CHICAGO, Jan. 18 (UPI) -- U.S. medical schools have until Feb. 15 to submit brief, bold, innovative proposals on how to transform how doctors are trained, a doctors' group says.
The American Medical Association said it hopes its $10 million competitive grant initiative attracts bold, innovative ideas to transform the way medical schools train future physicians.
"Rapid changes in healthcare require a transformation in the way we train future physicians," Dr.

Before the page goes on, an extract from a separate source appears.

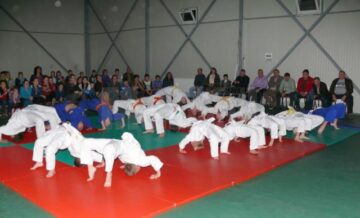 Practicanții de judo au făcut și o mică demonstrație la Fălticeni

Jeremy A. Lazarus, president of the AMA, said in a statement. "The AMA is deeply committed to redesigning undergraduate medical education to prepare the medical students of today for the healthcare of tomorrow."
Across the continuum of medical education, the gap between how physicians are trained and the future needs of healthcare continues to widen, Lazarus said.
The AMA is seeking to attract and support bold, rigorously evaluated innovations that align medical student training with the evolving needs of patients, communities and the changing healthcare environment, Lazarus said.
As part of the Accelerating Change in Medical Education initiative, the AMA will provide $10 million over the next five years to fund 8-10 projects that support a significant redesign of undergraduate medical education.
From the initial pool of proposals, the AMA will invite a select group of medical schools to submit a full proposal by May 15 and will conduct a thorough review of all materials before announcing the selected schools at its annual meeting in June.